Adapun dari 77 emiten itu, dana yang terhimpun sebesar Rp53,84 triliun.
“Jumlah emiten kita sudah 77 yang listing. Jadi kalau kita bicara bahwa record kita terbanyak adalah 66 di tahun 1990-an, tahun ini kita pecahkan rekor, dan masih ada waktu 1,5 bulan lagi,” kata Iman dalam acara capital market journalist workshop di Novotel Balikpapan, Kalimantan Timur (Kaltim), Jumat (17/11/2023).
1. Emiten kejar tayang IPO sebelum Pilpres 2024

Iman mengatakan banyaknya emiten yang melantai di bursa tahun ini karena dua hal. Pertama, adanya pengunduran jadwal IPO dari tahun lalu. Kedua, banyak perusahaan yang mengejar IPO sebelum Pemilihan Presiden (Pilpres) 2024 yang digelar pada 14 Februari 2024.
“Kalau kita mengamati, IPO yang terjadi saat ini, ini adalah karena delay tahun lalu, dan percepatan dari 2024. Jadi kita lihat pada hari ini yang IPO ada 77 year to date (YTD).
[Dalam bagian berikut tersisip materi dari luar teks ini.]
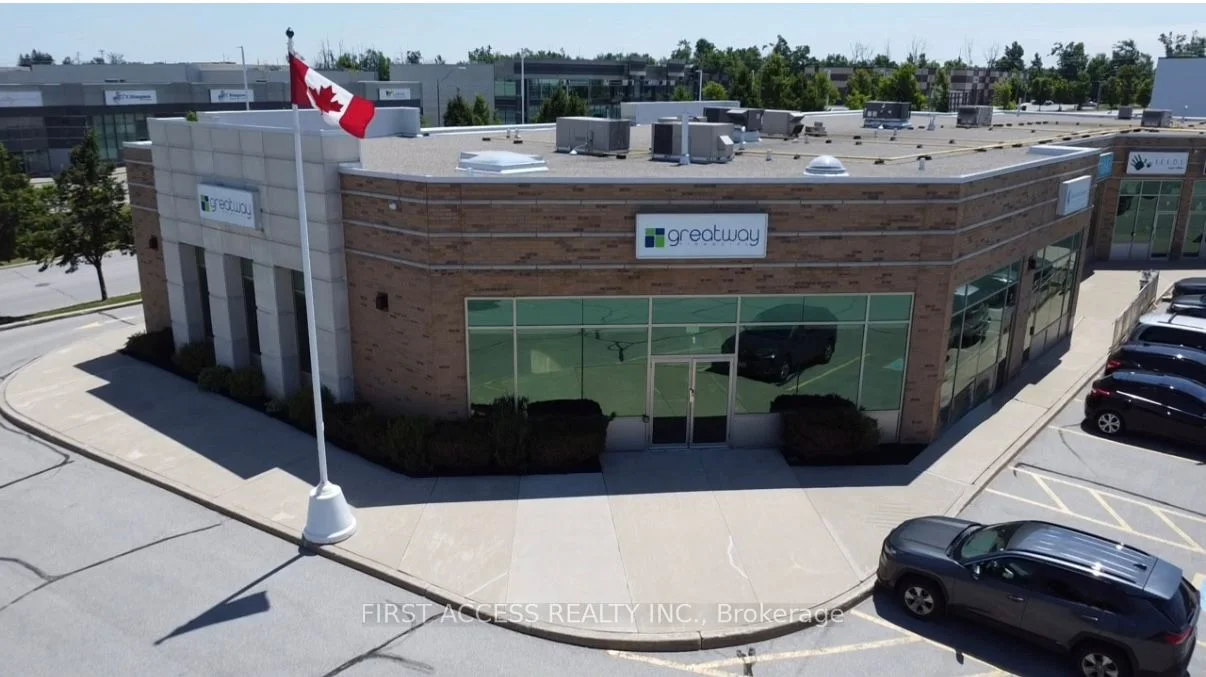 51 King Street 1&2, Barrie, On L0m 1a0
Itu kalau kita lihat beberapa percepat ke 2023 ini, karena mereka melihat tahun depan pemilu,” ucap Iman.
2. Pergerakan bursa saham masih kondusif

Adapun terkait kinerja bursa saham, menurutnya masih kondusif meski pesta politik telah dimulai. Hal itu salah satunya terlihat pada pergerakan Indeks Harga Saham Gabungan (IHSG) yang lebih tinggi dibandingkan tahun lalu.
“Kita lihat indeks kita akhir tahun lalu tutup di 6.800-an, hari ini indeksnya 6.900-an. Walaupun side ways, kadang-kadang 6.700-an, 6.800-an, 6.900-an, bahkan tadi Pak Anton sampaikan pernah 7 ribu,” ucap Iman.
3. Investor lebih memperhatikan faktor ekonomi makro dibandingkan gejolak politik

Pada 2024, BEI optimistis kinerja bursa saham tetap baik. Sebab, menurutnya investor lebih memperhatikan faktor-faktor ekonomi makro, seperti kenaikan suku bunga acuan Amerika Serikat (AS), dan sebagainya ketimbang gejolak politik.
“Kita tahu pemilu kita akan dilaksanakn di 14 Februari, justru kita perlu suasananya kondusif dan orang mulai berinvestasi. Yang terjadi selama ini, penurunannya karena faktor makro, terjadi interest rate dari AS yang terus meningkat. Faktor-faktor itu yang menurut saya lebih dominan dari faktor politiknya,” ucap Iman.